Opinion: Why Western psychiatry does not heal anyone
By Ozodi Thomas Osuji – Psychiatry and psychology are currently working very hard to transform themselves into science. As they see it, to become perceived as science they have to root their causal explanation of human behaviors in biology (chemistry and physics). If any aspect of thinking and behaving is seen as caused by the individual’s genes and or biochemical permutations in his brain they believe that their explanation is now scientific.
The irony of it all is that as psychiatrists and psychologists make mighty efforts to root their explanations in matter those who actually study matter, physicists are increasingly recognizing the role of human consciousness in the behavior of matter. Quantum mechanics have demonstrated beyond reasonable doubt that the consciousness of the observer affects the behavior of what he is observing.

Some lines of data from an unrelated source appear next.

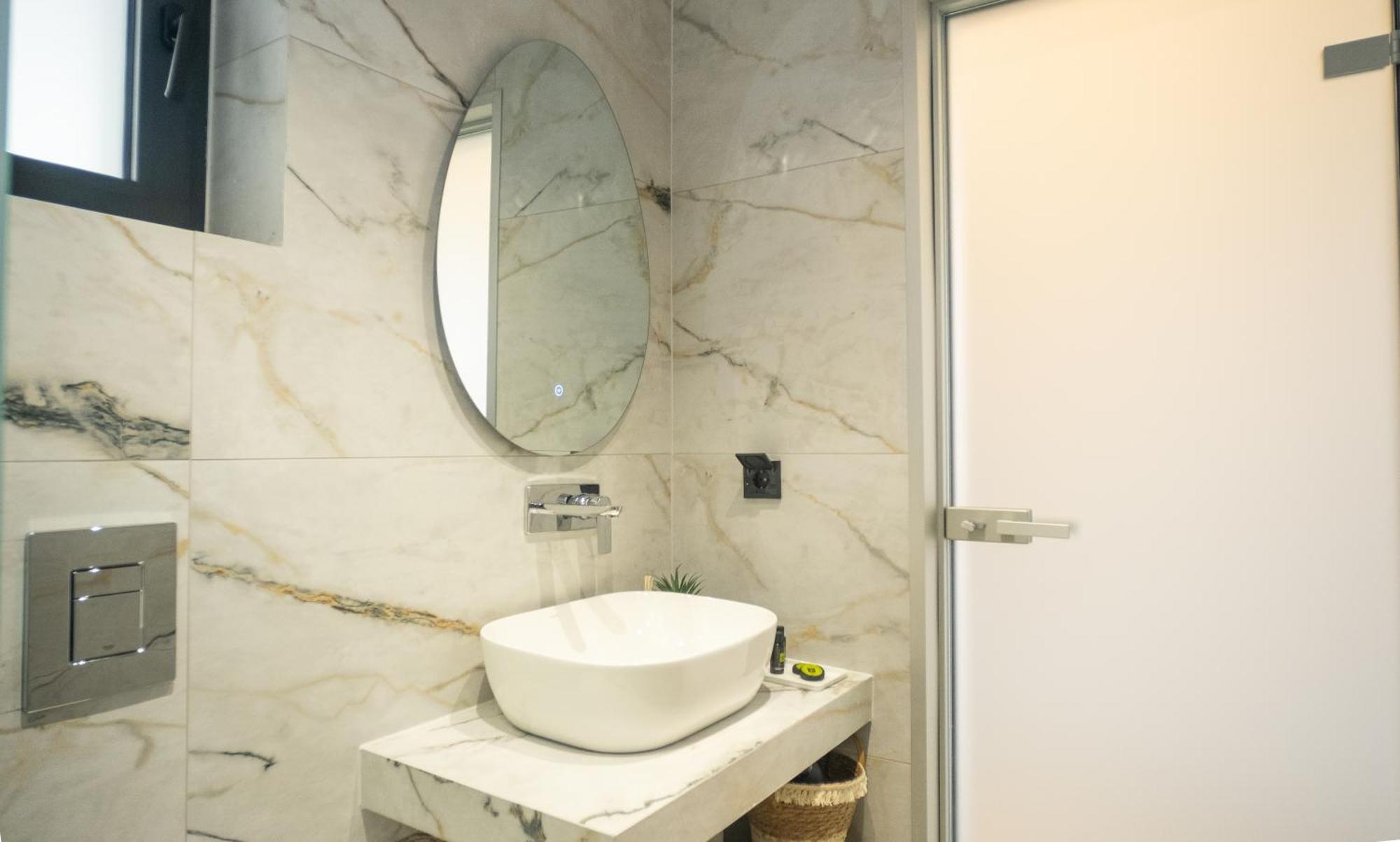 الشقق الفندقية Kallithea في  Luminous Luxury Living المظهر الخارجي الصورة
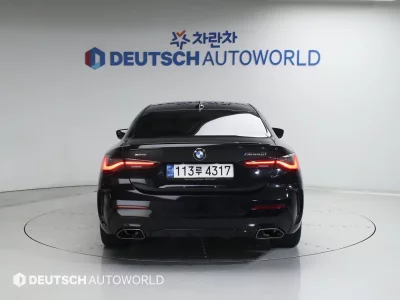 BMW 4-Series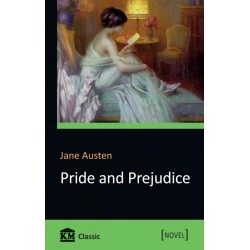 KM Classic: Pride and Prejudice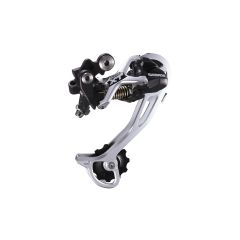 SHIMANO Schaltwerk Deore XT 9Gg mittlerer Käfig GS Shadow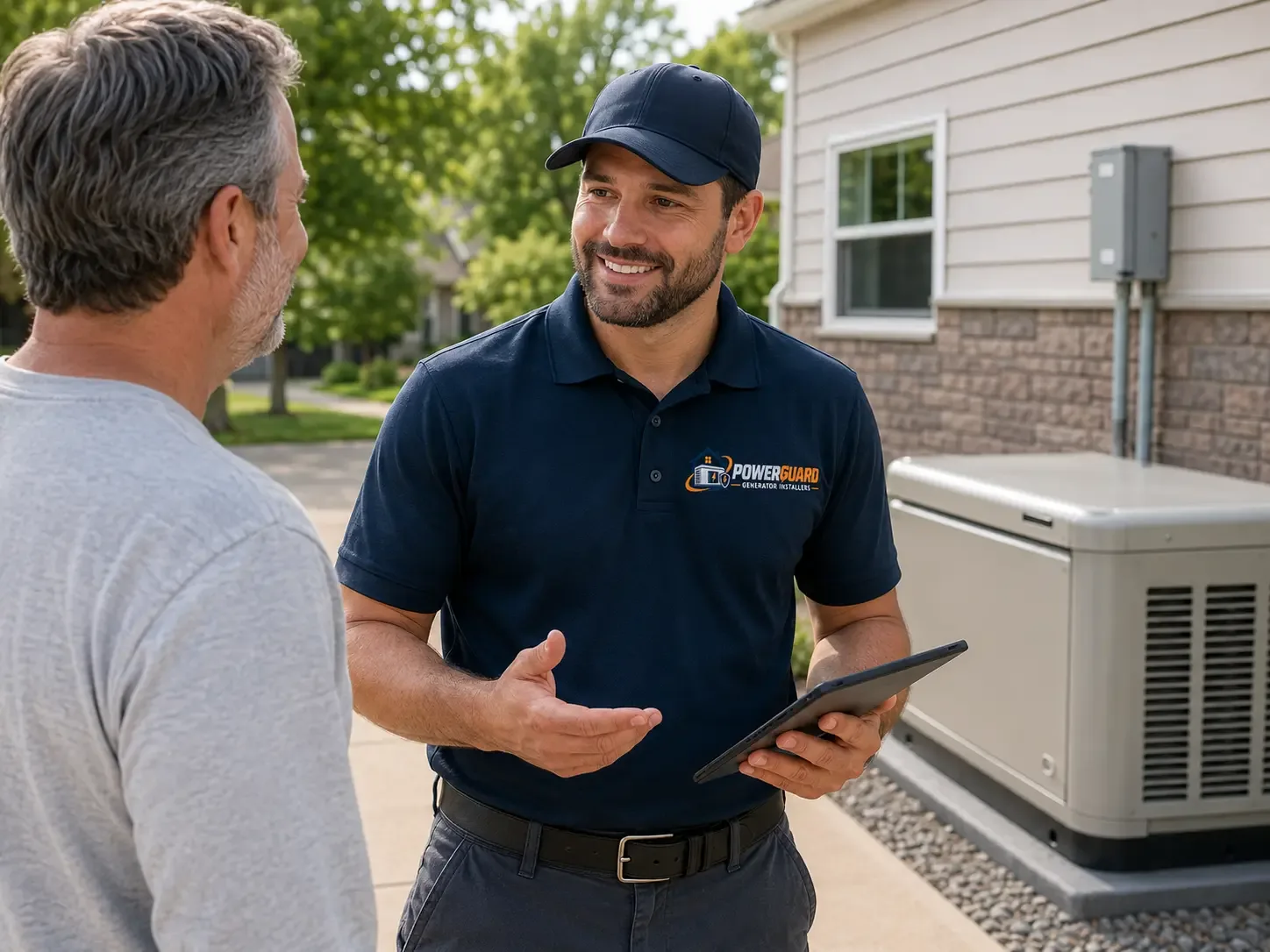 Generator Installation Stanleytown, VA FAQs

This fact notwithstanding psychologists and psychiatrists would like us to believe that people are inert products of the chemical behaviors in their brains. This goes to show you what inferiority complex could do to people.

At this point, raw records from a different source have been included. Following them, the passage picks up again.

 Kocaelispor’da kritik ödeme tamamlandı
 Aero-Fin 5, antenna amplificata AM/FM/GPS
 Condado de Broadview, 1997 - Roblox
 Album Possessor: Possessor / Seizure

Of all the medical specialties, psychiatry is generally seen as the least scientific because its causal analyses are rooted in speculative thinking, as in psychoanalysis, and to change this seeming negative perception and become seen as science hence respected by other members of the medical community psychiatrists would like to convince them that human thinking is rooted in brain chemistry and thus if there are mental problems that all we need to do is correct brain chemical imbalances with medication and wham they are cured. Alas, half a century of medicinal psychiatry (the first psychotropic medication, Thorazine was introduced in 1952) has not healed any mentally ill person! The track record of biological psychiatry is as dismal as those of psychoanalysts and behaviorists before it.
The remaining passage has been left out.